Broadly speaking the tradeoff is that if you require more axioms (e.g. the Hausdorff axiom) then you can prove stronger theorems but those theorems apply to fewer spaces. For example if you really dislike the topologist's sine curve then you might decide you want to restrict your attention to topological spaces which are locally path-connected or something like that. This includes all manifolds and CW complexes but it does not include some very important examples such as infinite Galois groups, which are totally disconnected. For another example, you might decide you want to require topological spaces to be Hausdorff because you think non-Hausdorff spaces are weird and poorly behaved, but again this means you exclude very important examples like the Zariski topology, which is almost never Hausdorff.
So, overall the modern definition of a topological space is a reasonable historically contingent compromise between multiple competing considerations, which was settled on from experience trying to use it to do stuff; in particular I want to emphasize that this was a choice we made to use this definition to study topology, and if history had gone another way we could have made a different choice. I personally do not consider topological spaces to be "God-given" the same way I consider, say, the integers to be. And in fact for some applications people have found that topological spaces are not the right tool and they use different tools, for example:
- In some contexts (e.g. constructively) it turns out to be better to isolate the behavior of the lattice of open sets away from the set of points of a topological space, and treat it as an abstract lattice which does not necessarily need to embed into a lattice of subsets. This leads to the study of locales, which loosely speaking are "topological spaces which may not have enough points."
- Topological spaces are not cartesian closed, meaning given two topological spaces $X, Y$ we cannot generally assign a meaningful topology to the set of continuous functions $X \to Y$ that satisfies various nice properties we might want. This is an impediment to certain constructions in algebraic topology, so algebraic topologists often use slightly different convenient categories of topological spaces, which are cartesian closed.
- Topological abelian groups do not form an abelian category, which makes it difficult to do homological algebra with them, and in some applications people really want to do this. Recently some replacements for topological spaces have appeared, namely condensed sets and pyknotic sets, which fix this issue by, loosely speaking, allowing some stranger "even more non-Hausdorff quotients" than are possible in topological spaces.
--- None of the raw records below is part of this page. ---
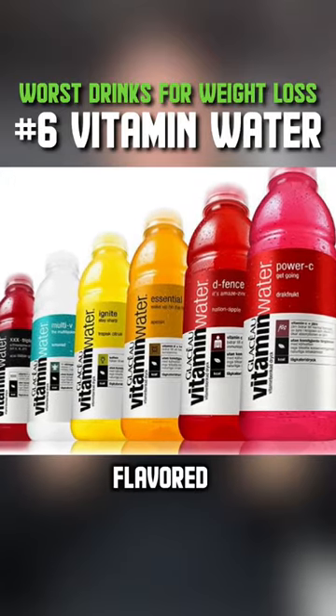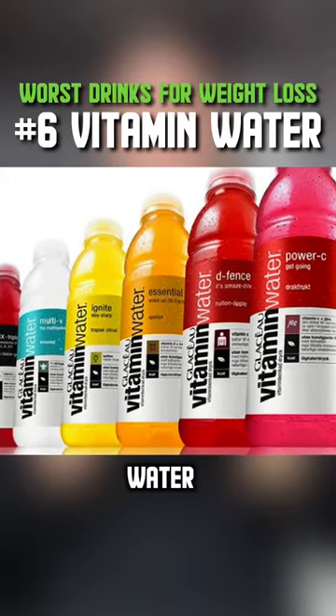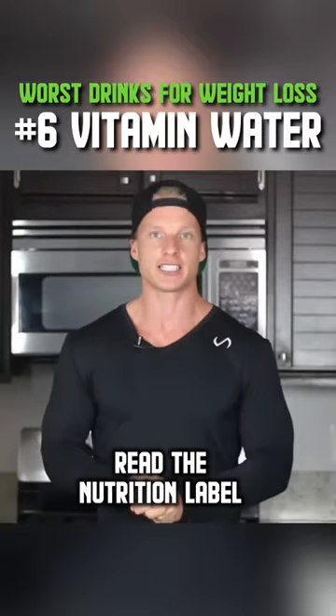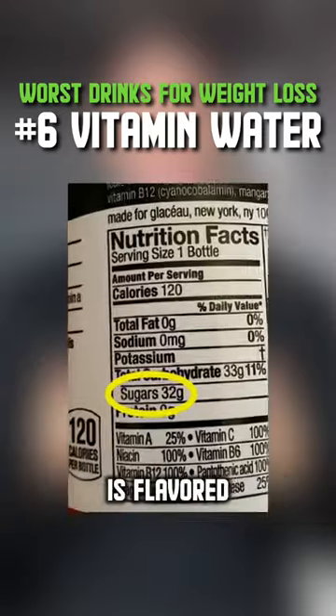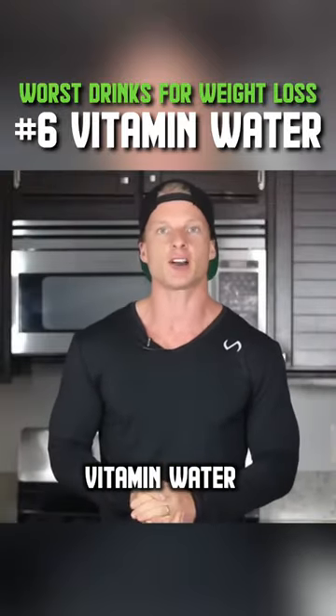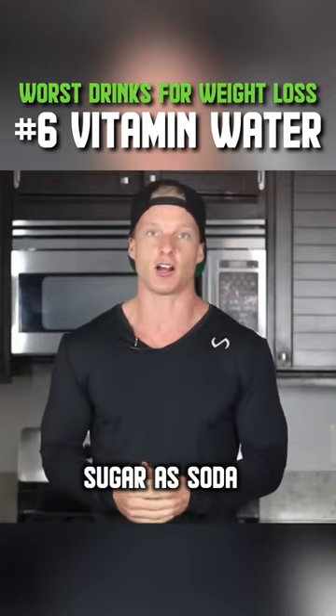6. Flavored Vitamin Water. This is a bad one that many weight loss goers are confused with. Read the nutrition label. If your vitamin water is flavored with sugar, put it back. In many cases, vitamin water can have as much sugar as soda.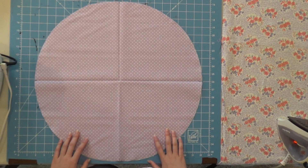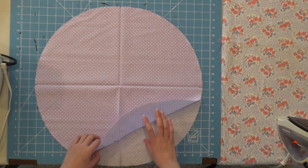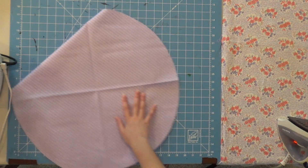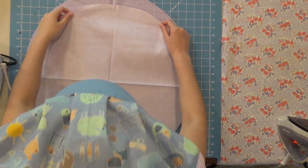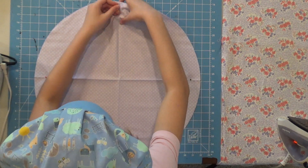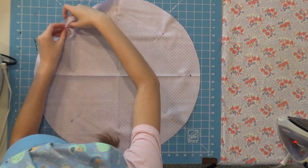Now that we've cut the circle out, if your fabric has a front and back side, you want to make sure that the pattern is on the inside. That way when we sew it and flip it back out, we have the front side. I like to pin everything down — it makes it easier when sewing.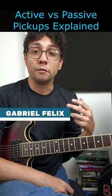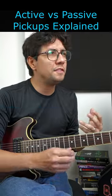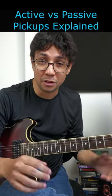Passive pickups are more versatile and you can play in any kind of style. They are very easy to find in any kind of store.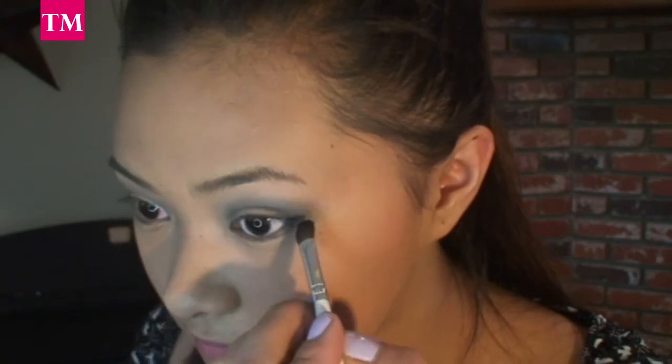Now, with the angled eyeshadow brush, I'm going to pick up that color Black again, and I'm going to go ahead and darken up the black that we started in our crease and bring it out. Now, use your small stipple brush and clean up any loose eyeshadow underneath your eyes.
However, it's worth noting that none of these examples are motivated by the desire to throw out pathological-looking spaces. Actually some of them allow "even more pathological-looking" spaces! Grothendieck taught us that it is better to have a nice category with nasty-looking objects than to have nice objects but living in a nasty category, and the category of topological spaces is nice but not that nice; the examples above are trying to rectify this, as opposed to trying to remove individual pathological-looking spaces. The individual pathological-looking spaces just turn out not be too much of an impediment, and some of them even end up being surprisingly important.
On the other hand, sometimes people have asked for a simpler kind of topology exactly as you are asking for, which allows e.g. nice spaces like manifolds and not pathological examples like space-filling curves. This goes under the broad heading of "tame topology," and I know nothing about it but you can use that search term to find more. It is not a mainstream subject, and my impression is that it mostly has not seemed worth the effort since topological spaces are mostly adequate for foundations.
For example if you ultimately only care about manifolds (say your interest is in differential geometry) then the way the foundations of manifold theory get set up is that we define manifolds as being certain special topological spaces, namely those that are locally Euclidean and Hausdorff (plus a size axiom). This works fine. Manifolds are very nice, e.g. locally path-connected. So in manifold topology you can mostly ignore stuff like the topologist's sine curve and space-filling curves. I don't know that using a theory of tame topology as the foundations here would meaningfully simplify anything, and it might be annoyingly restrictive.
But also, topology has many more applications than this and in some of those the spaces that occur are strange-looking at first glance (e.g. the Galois groups mentioned above, which are Stone spaces).